Another quick question: in UncleClark's post above - what material is used to fill the draft collars?
Amazon sells this if you want it in narrower widths, like 24".
What about checking with a UPS Store? They do on site packing and may have something you can use for lots less than a whole roll would cost.
Just an idea.
Also perhaps a local factory shipping department, or maybe when they unwrap furniture or appliances in retail stores.
Someone on here was offering smaller sheets that PC's came wrapped in.
You can tell that i am big into recycling.
Some more great info, thanks!
IXUQ Round 2
After getting cold my first night with my IXUQ I decided to do some more work it.

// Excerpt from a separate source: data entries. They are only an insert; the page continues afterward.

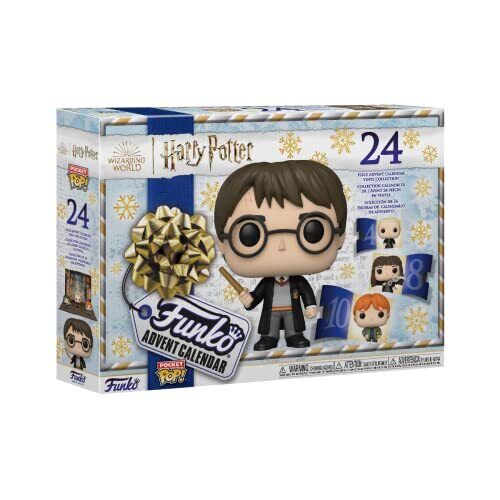 Funko Advent Calendar Harry Potter 2022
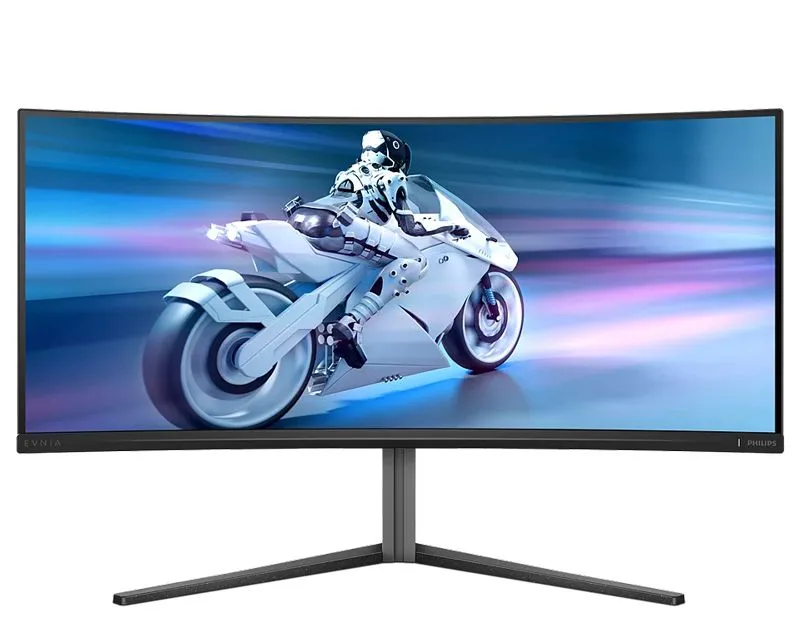PHILIPS 34 inča Evnia 34M2C6500/00 Curved QD OLED Gaming monitor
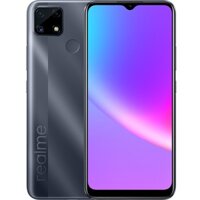 Điện thoại Realme C25 128GB Ram 4GB - (Gray)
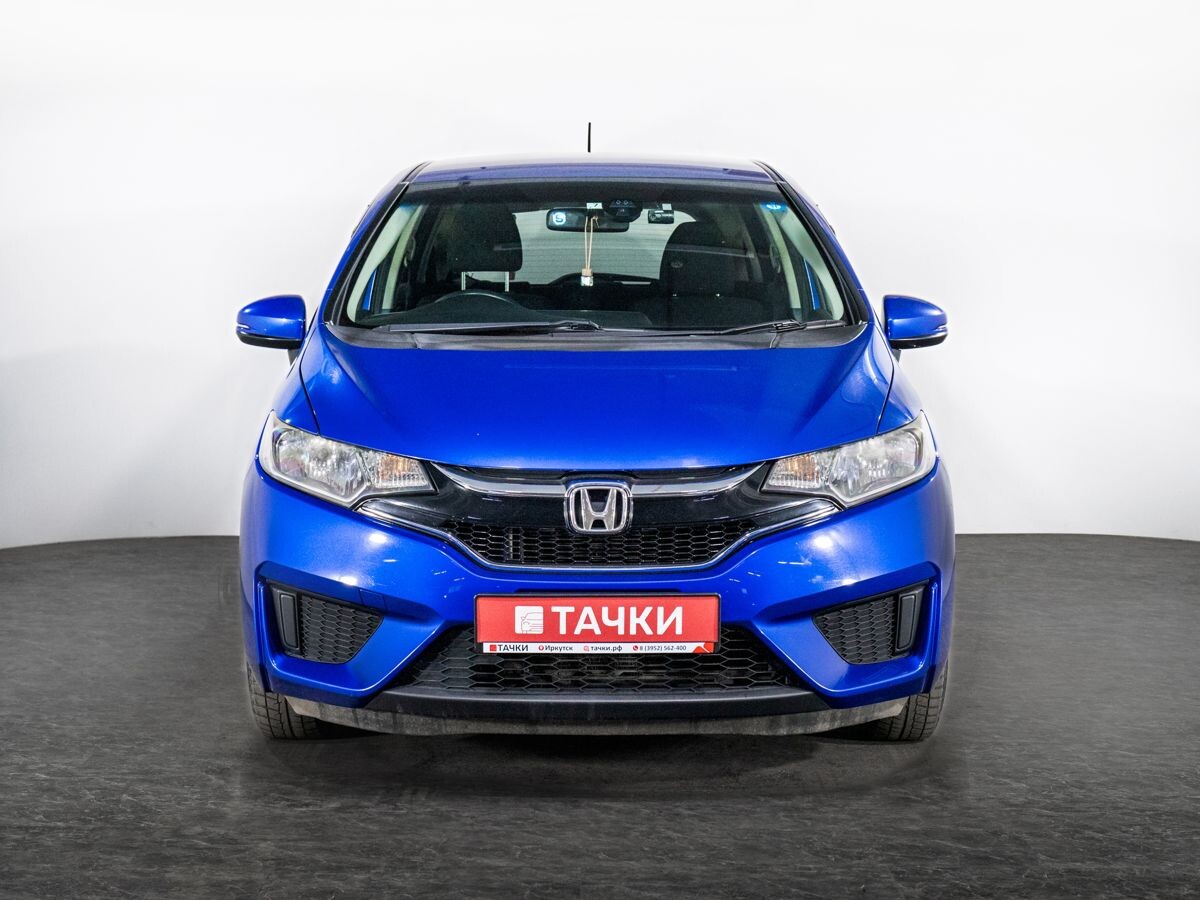 Honda Fit 2017 - фото автомобиля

I sewed draft tubes for each end of the UQ from 1.1 RS. Filled them with leftover poly insulation scraps from a cheap sleeping bag. Seem to be plush and nice but the poly fill is heavy and not very compressible. Before adding the draft tubes the UQ, all its suspension goodies and the JCP Puffer bag it barley fit into weighed just 1 lb. Now the quilt weighs 20 oz. and is way too big to fit into the JCP stuff bag. The bottle in the pic is 25 oz.
Also made some Triangle Thingies to help hang the UQ more effectively. They are 12" each side. Made from some left over taffeta from another project. Can't these just be made from triangles of line and work just as well?
IXUQ with Draft Tubes.jpg
IXUQ Rolled with 25 oz Bottle.jpg
Has anyone made an IXUQ with just one layer?